Please also see the JSA Prism of April 24, 2023.

 

Acceptance of Green Deposits

With a view to fostering and developing a green finance ecosystem in the country, the RBI, vide notification dated April 11, 2023, has issued a framework for acceptance of green deposits by scheduled commercial banks, including small finance banks (excluding regional rural banks, local area banks and payments banks) and all deposit taking NBFCs registered with the RBI (“GD RE”).  The framework will come into effect from June 1, 2023. The key provisions are as follows:

  • GD REs must issue green deposits as cumulative/non-cumulative deposits, denominated in Indian Rupees only, and on maturity, the green deposits can be renewed or withdrawn at the option of the depositor;
  • GD REs must put in place a comprehensive board-approved policy laying down all aspects in detail for the issuance and allocation of green deposits;
  • GD REs must put in place a board-approved Financing Framework for effective allocation of green deposits;
  • The allocation of funds raised through green deposits by GD REs during a financial year must be subject to an independent third-party verification/ assurance on an annual basis; and
  • GD REs are required to upload a copy of the policy on ‘green deposits’, ‘financing framework’, opinion of the external reviewer and the third-party verification/assurance and impact assessment report on their websites.

 

Remittances to International Financial Services Centres (“IFSCs”) under the Liberalised Remittance Scheme (“LRS”)
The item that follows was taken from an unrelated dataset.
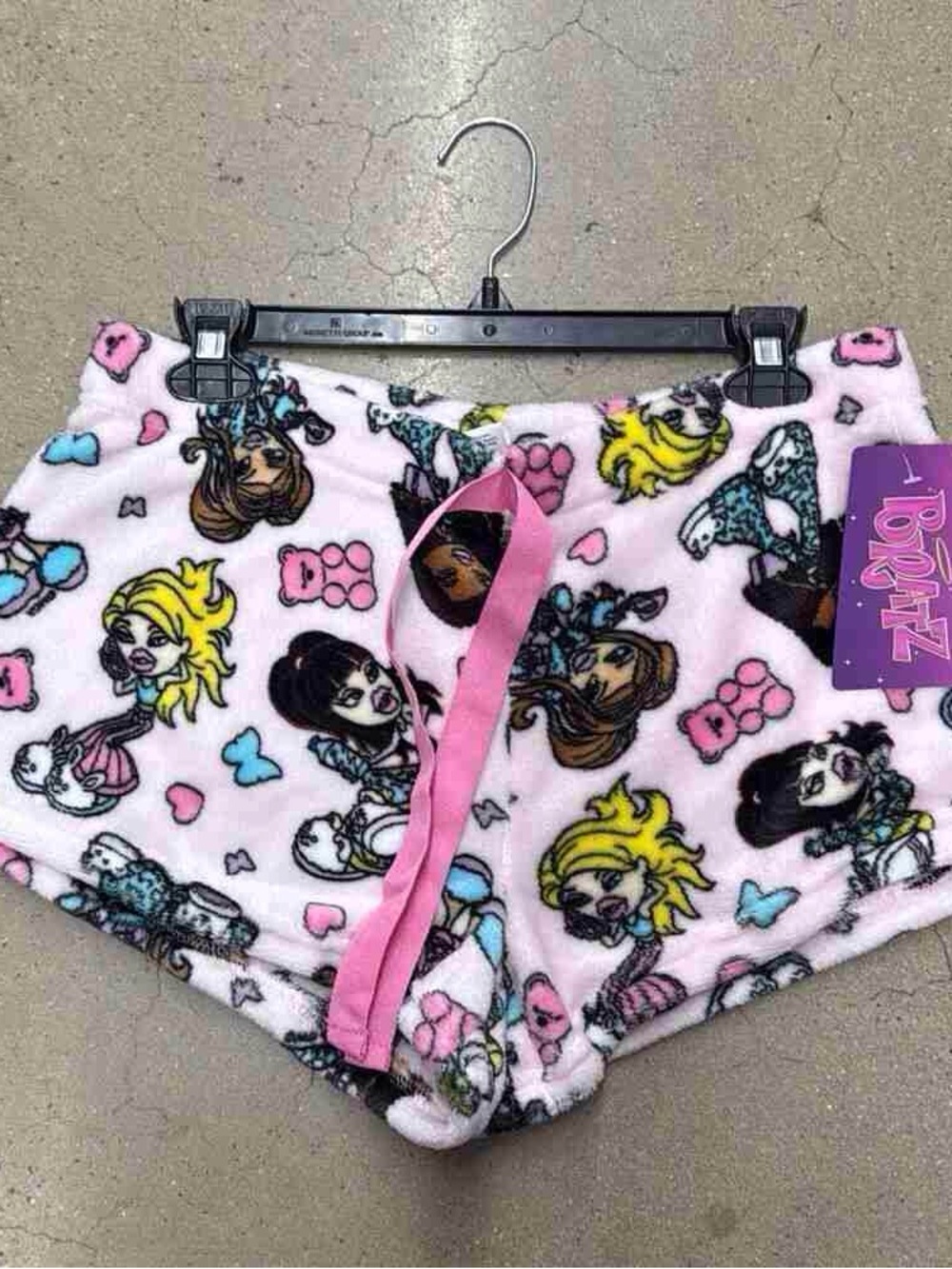 Girls' Pink Printed Fleece Lounge Shorts with Drawstring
The RBI, vide circular dated April 26, 2023, has done away with the condition that funds lying idle in the foreign currency account in IFSCs for a period up to 15 (fifteen) days from the date of its receipt must be repatriated to the domestic INR account of the investor in India. This brings remittances to IFSCs in line with foreign remittances (in other foreign jurisdictions) under the LRS, where funds can remain in the foreign currency account for upto 180 (one hundred eighty) days, and encourages investment in IFSCs.

 

MINISTRY OF ELECTRONICS AND INFORMATION TECHNOLOGY (MEITY)
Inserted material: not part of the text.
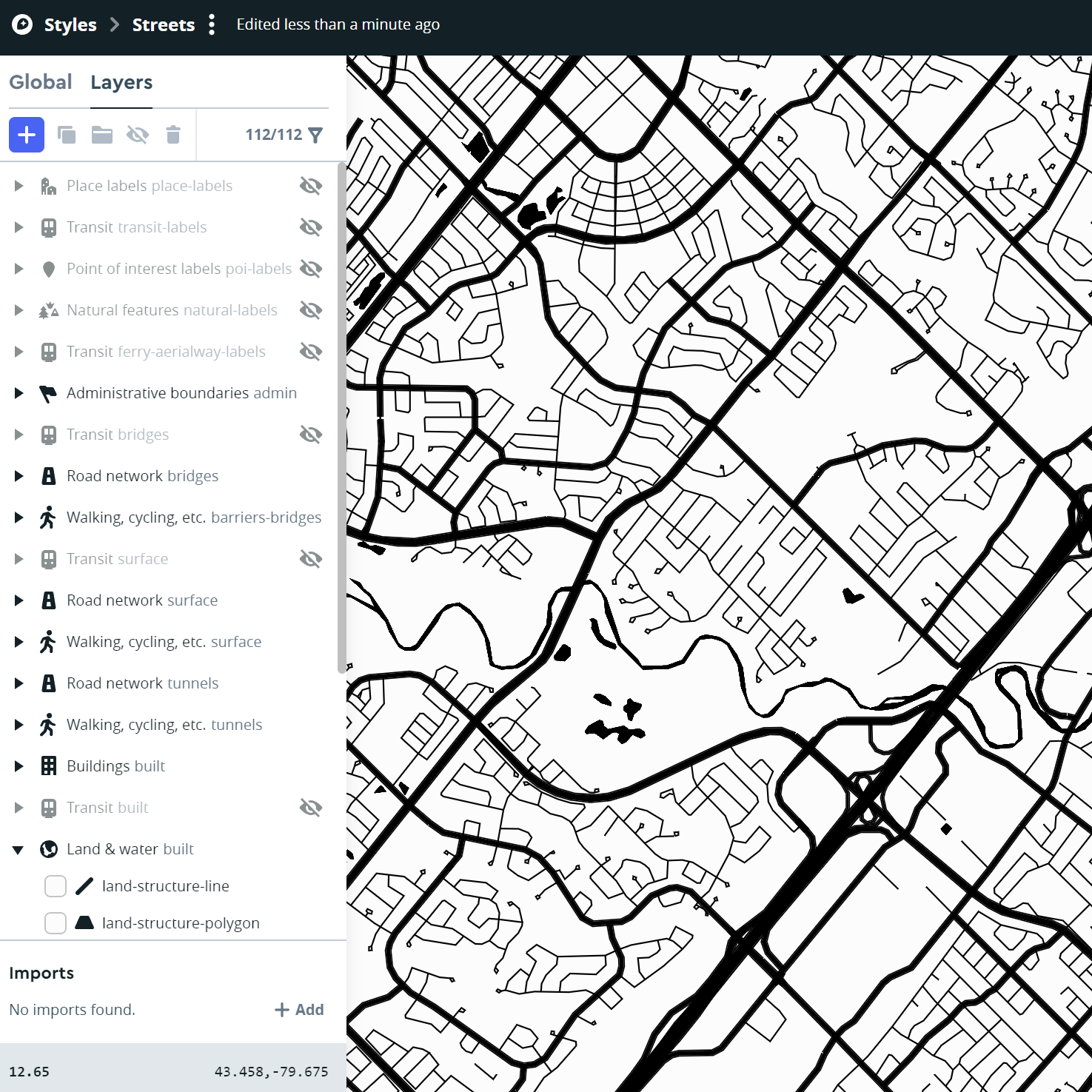 This is the laser cut map being prepared to be laser cut making it black and white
Regulation of online real money games and fact checking of fake news

On April 6, 2023, the MEITY notified the Information Technology (Intermediary Guidelines and Digital Media Ethics Code) Amendment Rules, 2023 (“Amendment”). While the Amendment primarily focuses on regulation of online real money games (including through self-regulatory bodies), it also contains provisions relating to fact checking of fake news. The key provisions are as follows:

  • the definition of ‘online game’ is introduced to mean a game that is offered on the internet and is accessible by a user through a computer resource or an intermediary;
  • the definition of ‘online gaming intermediary’ is introduced to mean any intermediary that enables the users of its computer resource to access one or more online games;
  • the MEITY may designate as many online gaming self-regulatory bodies as it may consider necessary for the purposes of verifying an online real money game as a permissible online real money game under these rules;
  • an entity which fulfils the prescribed criteria may apply to the MEITY for designation as an online gaming self-regulatory body; and
  • every online gaming self-regulatory body must publish and maintain on its website, mobile based application or both, at all times, an updated list of all its members, whether present or former, the dates of their acceptance as member, their corporate or business-related identity number and other details, and the details of suspension or revocation of membership of any member

For a detailed analysis, please refer to the JSA Prism of April 13, 2023.

 

COMPETITION COMMISSION OF INDIA (CCI)

Parliament passes the Competition (Amendment) Bill, 2023

The Indian Parliament has passed the much-awaited Competition Amendment Bill, 2023 (“Bill”) on April 3, 2023. The Bill will now be placed before the President of India for her assent. The Bill was first introduced in the Lok Sabha on August 5, 2022 and was referred to the Parliamentary Standing Committee on Finance (“PSC Committee”), which issued its report on December 13, 2022. The Bill is largely based on the recommendations made by the Competition Law Review Committee, the PSC Committee as well as the extensive public consultations held with various stakeholders in 2019. The Bill proposes far-reaching amendments to the Indian competition law and aims to streamline legal provisions and integrate the learnings of the CCI over the past 14 (fourteen) years. It is designed to bring the law into sync with international best practices and changing economic reality, not least the growth of new technologies.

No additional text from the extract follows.